At the end of each duct is a cluster of smaller sacs known as alveoli. The cluster of alveoli is known as a lobule, while a cluster of lobule is known as a lobe. Each breast will contain around 15 – 20 lobes, with one milk duct for every lobe.

The milk is produced inside of the alveoli, which is surrounded by tiny muscles that squeeze the glands and help to push the milk out into the ductules. Those ductules will lead to a bigger duct that widens into a milk pool directly below the areola.

The milk pools will act as reservoirs that hold the milk until your baby sucks it through the tiny openings in your nipples.

Mother Nature is so smart that your milk duct system will become fully developed around the time of your second trimester, so you can properly breast feed your baby even if he or she arrives earlier than you are anticipating.

Benefits of Breast Feeding

Once you’ve given birth, breast feeding is the single most important thing you can do to protect your baby and help to promote good health. Best of all, breast feeding is free.
Along with saving you money on HMR (Human Milk Replacement), breast feeding can also help you to keep your medical bills down. Babies that are fed with formula get sicker more often and more seriously than babies that are breast fed. They also have more ear infections, respiratory infections, and other problems.

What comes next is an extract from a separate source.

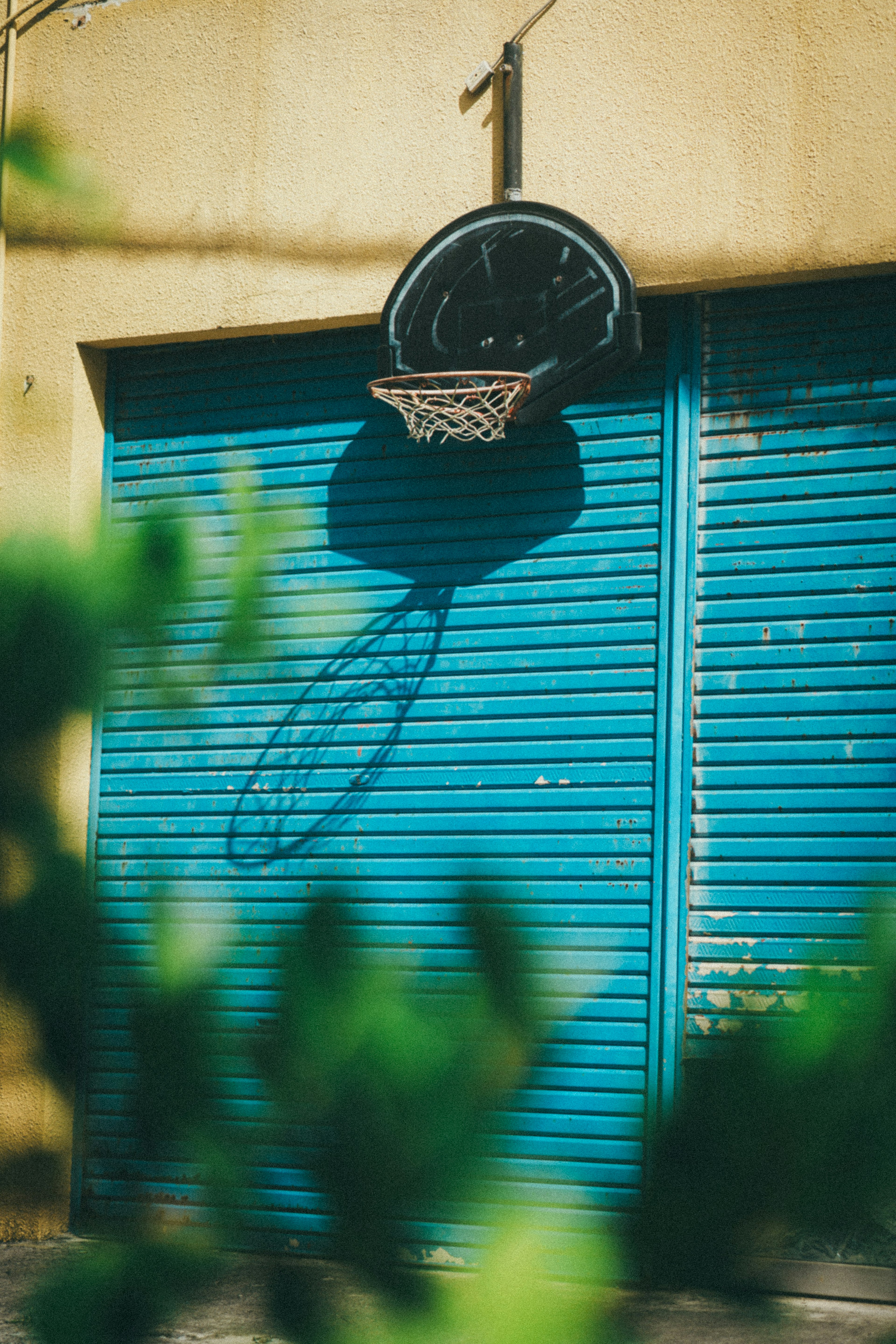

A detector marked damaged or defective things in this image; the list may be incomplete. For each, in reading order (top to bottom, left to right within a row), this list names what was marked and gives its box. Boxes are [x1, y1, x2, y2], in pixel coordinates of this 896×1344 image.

peeling paint on shutter [84, 305, 672, 1258]
peeling paint on shutter [688, 276, 896, 1048]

This can be even truer if your family has had a history of allergies. When a baby is breast fed, the antibodies pass on from the mother to the baby, helping to protect against illness and allergies. As the baby’s system matures, his body will begin to make its own antibodies, and he’ll be more equipped to handle sensitivities of food.

Sucking on the breast will also help with the development or jaw alignment and the development of the cheekbone. For this very reason, there is less of the need for costly orthodontic work when the child gets older.
Unlike formula, breast milk is always ready, always available, convenient, and always the right temperature for feeding. Plus, it contains all of the vitamins and minerals your growing baby needs, saving you a lot of money.
Breast feeding also offers many benefits for the mom as well. The baby sucking at the breast will cause contractions right after birth, leading to less bleeding for the mom, and helping her uterus to its shape before pregnancy much faster.

Breast feeding will also burn calories, so a mom can lose weight much faster than if she fed her baby with a bottle. Breast feeding will also create a special bond with the mother and the baby – which is one thing formula simply cannot do.